Sunday, July 24, 2011

Mondrian Inspired Baby Shower Cake


Our recent midterm cake was a baby shower themed cake. Originally I was hoping to do a cake that we can really expand our creativity. Since the class has voted baby shower, I decided that I would incorporate my original idea into this project.
Mondrian uses beautiful primary colors and monochromatic colors in his paintings; so I decided that I would recreate the feel for the side design of the cake. To emphasis that it is a baby shower cake, I used marzipan to create a basket and piped basket weave with royal icing on the basket. On top it's a blanket with fondant strip cut outs. The baby girl dress is made with fondant, decorated with Swiss dot royal icing and lace point.

A Quick Update




It's been a while since I last updated. Here are the works that I've done in class in last few weeks. Tomorrow we are starting sugar paste flower with Chef Ron; it's going to be fun!

Father's day theme cake.
Cupcakes topped with marzipan fruits.
Black Forest Cake with Cherry Compote, decorated with chocolate butterflies, white modeling chocolate blossoms.

Tuesday, June 7, 2011

A Little More Sugar and Chocolate


It's the beginning of second month here at the FCI. As the class progress, the focus is finally starting to shift towards design and techniques. By all means, I LOVE baking and reading recipes, but I would really like to perfect my skills in assembling cakes, piping techniques, and exploring design senses and creativities. Here's a little taste of what we did last night; royal icing piping and fondant making.

On the right here, it's Chef Cynthia showing us how to pipe with royal icing. Though I've done it before, this is something that one can never have enough practice of.

Royal Icing: Snail trails, Cornelli laces, and Swiss dots.
Making rolled fondant from scratch; which by the way is such a wonderful recipe!

Saturday, June 4, 2011

A Summer Challenge Awaits


The biggest challenge of the summer will be the brutal heat. I haveno idea how they do it here in NYC, but I complete admire all the pastry chefs and cake makers baking cakes and making butter cream under such high temperature. Not to mention delivering during the summer time but also during the winter snow. Folks, we have it good in California, no more complains!

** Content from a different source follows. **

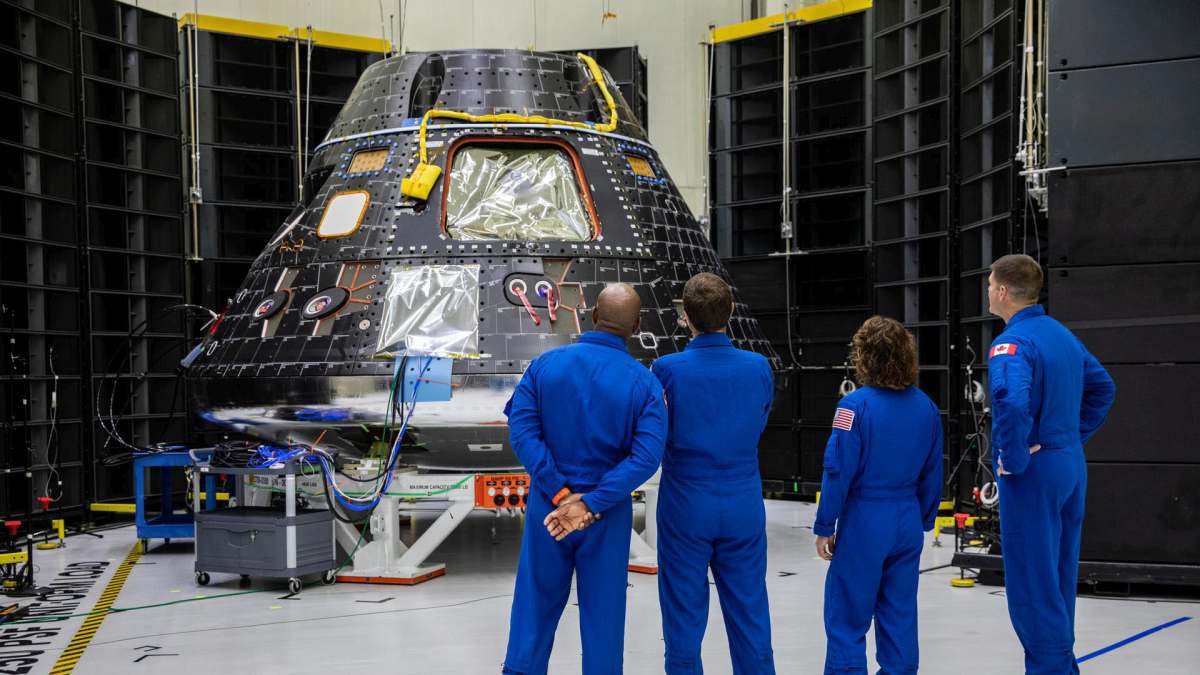 Artemis II check out their Orion crew module.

Friday night was a very fun class. We baked off sheets of American
milk sponge cake, filled and crumb coated it. Then here comes the chocolate cake.. Talking about getting some chocolate action! This is a devil's food cake filled with chocolate ganache, coated with more chocolate ganache, then decorated with chocolate modeling chocolate roses. Got chocolate? Here are pictures of Chef Cynthia doing demo for us...

Making roses from modeling chocolate:

Here are my creations...

Until next time... :)








Monday, May 30, 2011

A Basket of Fruitiness


Hope y'all had a good weekend. I certainly did from all the good eats in the city of New York, and another fun day working at Silk Cakes Studio.



Briefly catch up on what we did last week; we assembled angel's food cake with strawberry buttercream as filling. Did the best we can to square off the cake to prepare for basket weave piping. The finish product may look more difficult than what it is, but with Chef Cynthia's instruction, it was only the matter of eye-hand coordination and lots of patience.











A Basket of Fruitness assembily... The Base: 3 layers of angel food cake, 2 layers of strawberry swiss meringue buttercream.
Choose colors and pipe,
Add shell and rope borders,
And now we topped the cake with fresh strawberries, blueberries and black berries.
There you have it, folks! Now what? Eat it of course. But those of you who know me for a while can probably figure out exactly what I did with my cakes. Yes, I gave it away, as always. But instead of the firemen, I pick the Roosevelt Island Public Safety Department. :) Hope they enjoy it!

Sunday, May 22, 2011

Beginning of Another Week, Another Cake, and Goals.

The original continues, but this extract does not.